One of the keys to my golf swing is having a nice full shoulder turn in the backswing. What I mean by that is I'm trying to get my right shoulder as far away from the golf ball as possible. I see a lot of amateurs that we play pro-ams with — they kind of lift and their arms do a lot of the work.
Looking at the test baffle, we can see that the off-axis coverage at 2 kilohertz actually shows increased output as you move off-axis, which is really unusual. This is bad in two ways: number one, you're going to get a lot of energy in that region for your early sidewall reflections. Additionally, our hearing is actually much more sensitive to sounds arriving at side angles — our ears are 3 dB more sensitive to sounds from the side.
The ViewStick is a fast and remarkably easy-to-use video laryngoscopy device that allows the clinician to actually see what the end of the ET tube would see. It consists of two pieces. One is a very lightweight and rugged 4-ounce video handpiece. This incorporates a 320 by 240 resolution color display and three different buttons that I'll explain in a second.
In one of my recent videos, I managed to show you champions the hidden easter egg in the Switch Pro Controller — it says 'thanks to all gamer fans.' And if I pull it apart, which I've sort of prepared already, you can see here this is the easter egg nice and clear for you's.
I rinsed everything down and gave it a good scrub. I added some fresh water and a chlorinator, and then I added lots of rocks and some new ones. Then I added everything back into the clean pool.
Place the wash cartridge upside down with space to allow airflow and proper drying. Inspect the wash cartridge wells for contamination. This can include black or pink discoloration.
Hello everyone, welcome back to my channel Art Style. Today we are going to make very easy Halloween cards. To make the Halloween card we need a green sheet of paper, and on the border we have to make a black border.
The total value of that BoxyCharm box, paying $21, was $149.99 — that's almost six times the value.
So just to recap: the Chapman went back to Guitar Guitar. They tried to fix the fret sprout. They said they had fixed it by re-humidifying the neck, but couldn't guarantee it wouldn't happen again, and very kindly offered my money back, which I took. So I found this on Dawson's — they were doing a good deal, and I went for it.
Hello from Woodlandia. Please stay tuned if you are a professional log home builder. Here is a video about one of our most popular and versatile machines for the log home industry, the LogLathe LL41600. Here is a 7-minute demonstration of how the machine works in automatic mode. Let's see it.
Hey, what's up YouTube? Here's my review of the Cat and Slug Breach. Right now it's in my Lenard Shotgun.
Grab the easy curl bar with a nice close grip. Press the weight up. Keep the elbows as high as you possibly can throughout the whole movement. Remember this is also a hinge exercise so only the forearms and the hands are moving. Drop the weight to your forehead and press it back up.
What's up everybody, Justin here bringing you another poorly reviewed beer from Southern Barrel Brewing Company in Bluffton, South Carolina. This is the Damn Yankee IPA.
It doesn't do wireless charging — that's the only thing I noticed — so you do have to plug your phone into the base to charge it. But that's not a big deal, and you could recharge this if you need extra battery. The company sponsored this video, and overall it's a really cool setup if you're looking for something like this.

○ ○ ○

• **Task objective**
Each line, starting with the one containing "Hey, what's up" and ending with the last line of the records above, should be reproduced exactly.

• **Task solution**
Hey, what's up YouTube? Here's my review of the Cat and Slug Breach. Right now it's in my Lenard Shotgun.
Grab the easy curl bar with a nice close grip. Press the weight up. Keep the elbows as high as you possibly can throughout the whole movement. Remember this is also a hinge exercise so only the forearms and the hands are moving. Drop the weight to your forehead and press it back up.
What's up everybody, Justin here bringing you another poorly reviewed beer from Southern Barrel Brewing Company in Bluffton, South Carolina. This is the Damn Yankee IPA.
It doesn't do wireless charging — that's the only thing I noticed — so you do have to plug your phone into the base to charge it. But that's not a big deal, and you could recharge this if you need extra battery. The company sponsored this video, and overall it's a really cool setup if you're looking for something like this.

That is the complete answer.